Como respuesta, la junta militar ha incrementado las medidas de coacción contra los trabajadores y funcionarios que deciden no ir a trabajar, y la noche del domingo se realizaron redadas nocturnas con multitud de detenciones. Los soldados ocuparon por la fuerza al menos seis hospitales y varias universidades en Rangún, además de propinar palizas y detener a varios opositores.

Aunque, este lunes, los manifestantes recibieron refuerzos para hacer frente a las posibles agresiones policiales. Con armas de fuego, incluidos rifles de asalto, miembros de la unidad de la Fuerza de Policía Nacional Karen (KNPF), una minoría étnica del país, acompañaron a los inconformes en la región de Tanintharyi, en el sureste del país, con la intención de protegerlos.

Las manifestantes birmanas también celebran el Día Internacional de la Mujer

Desde las barricadas, así celebran las mujeres birmanas el Día Internacional de la Mujer. En medio del caos y las protestas, algunas barricadas amanecieron este lunes adornadas con hileras de longyi, una falda tradicional birmana.

Ellas lo tienen claro: a pesar de que varias han fallecido desde el inicio del golpe, no quieren ser mártires, sino parte esencial de la lucha. Para reivindicarlo, las mujeres birmanas salieron este 8 de marzo a protestar contra el levantamiento militar ataviadas con camisetas moradas.

"Este movimiento de protesta pacífica, junto con el movimiento de desobediencia civil, ha visto a mujeres asumir una variedad de roles de liderazgo y se estima que el número de mujeres manifestantes es del 60% del total", apuntan en un comunicado cinco asociaciones garantes de los derechos de la mujer.

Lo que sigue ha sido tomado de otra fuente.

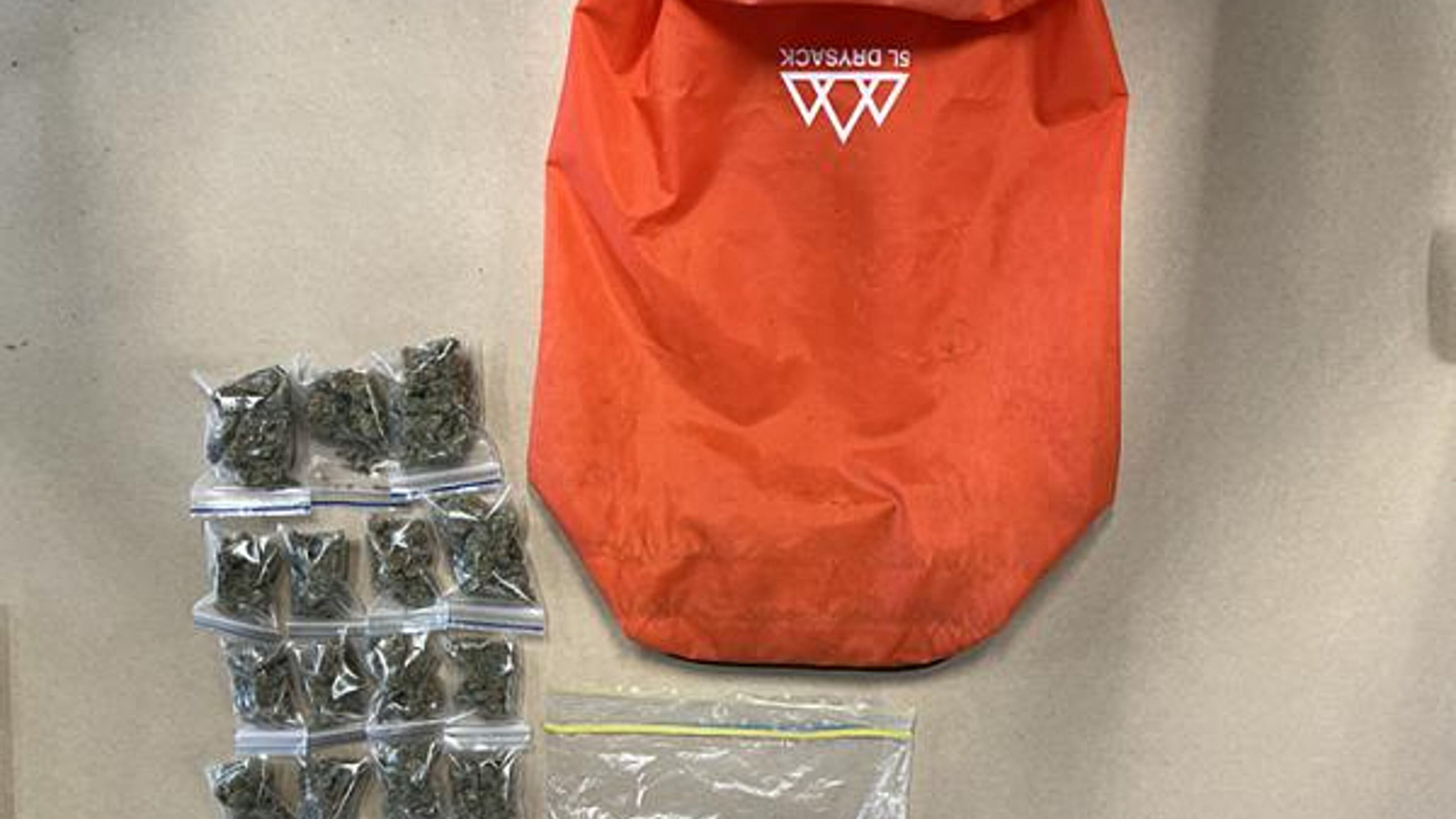 In this image provided by the New Zealand Police items donated to a charity story including marijuana and cash are displayed in Southland, New Zealand, Feb. 18, 2026. (New Zealand Police via AP)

Unas mujeres cuelgan una colección de longyi, una ropa tradicional muy usada en Myanmar, en una carretera durante una manifestación contra el golpe militar en Rangún el 8 de marzo de 2021.
Unas mujeres cuelgan una colección de longyi, una ropa tradicional muy usada en Myanmar, en una carretera durante una manifestación contra el golpe militar en Rangún el 8 de marzo de 2021. © AFP

Pero, a pesar de estar en la primera línea de las protestas, muchas tienen que seguir aguantando comportamientos machistas por parte de sus compañeros.

“A veces, cuando se producen enfrentamientos, algunos hombres nos dicen que retrocedamos. Así que ya ves, incluso en esta situación tenemos problemas por el mero hecho de ser mujeres”, decía una de las manifestantes a la agencia AFP.

Como el resto de los grupos que participan en las protestas del país, las organizaciones feministas birmanas pidieron este lunes la restauración de la democracia y la liberación de todos los presos políticos. Entre ellos, la líder depuesta y premio Nobel de la Paz, Aung San Suu Kyi, una referente en Myanmar.

Si los altercados y las manifestaciones continúan, el número de muertos podría incrementar drásticamente. Pero el miedo a vivir bajo el yugo de la junta militar parece superar al temor de morir en las calles, convertidas en un campo de batalla en docenas de ciudades birmanas.